Re: Q: why didn't GCC warn about this uninitialized variable? (was: Re: [PATCH] perf tests: initialize sa.sa_flags)

From: Ingo Molnar
Date: Thu Mar 03 2016 - 08:24:43 EST



* Jakub Jelinek <jakub@xxxxxxxxxx> wrote:

> On Thu, Mar 03, 2016 at 01:19:44PM +0100, Ingo Molnar wrote:
> > struct sigaction sa;
> >
> > ...
> >
> > sigfillset(&sa.sa_mask);
> > sa.sa_sigaction = segfault_handler;
> > sigaction(SIGSEGV, &sa, NULL);
> >
> > ... which uninitialized sa.sa_flags field GCC merrily accepted as proper C code,
> > despite us turning on essentially _all_ GCC warnings for the perf build that exist
> > under the sun:
>
> GCC -W{,maybe-}uninitialized warning works only on SSA form, so in order to
> get that warning, either it needs to be some scalar that is uninitialized,
> or Scalar Replacement of Aggregates needs to be able to turn the structure
> into independent scalars. Neither is the case here, as you take address of
> the struct when passing its address to sigaction, and that call can't be
> inlined nor is in any other way visible to the compiler, so that it could
> optimize both the caller and sigaction itself at the same time.
>
> Even if GCC added infrastructure for tracking which bits/bytes in
> aggregates are or might be uninitialized at which point, generally,
> struct XYZ abc;
> foo (&abc);
> is so common pattern that warning here that the fields are uninitialized
> would have extremely high false positive ratio.

So at least for the kernel, people rely on external tools that do something like
this anyway, and which are essentially annotated manually that duplicates much of
the effort it would take to make a simple GCC solution work.

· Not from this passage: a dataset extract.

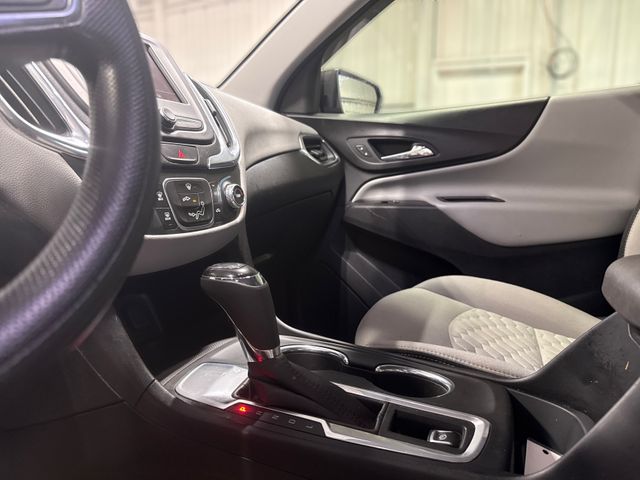 2020 Chevrolet EQUINOX LS | Houston, TX | Texas Star Motors 2020 Chevrolet EQUINOX LS | Houston, TX | Texas Star Motors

So in the aggregate, we already have this overhead _anyway_, except that:

- some of the best tools are closed (so the techniques never enter the free
software world)

- the fashion we get the feedback is per tool and inefficient

- that there's also an inevitable lag between code added upstream and tools
finding uninitialized variables bugs.

So it's all highly inefficient and fragile.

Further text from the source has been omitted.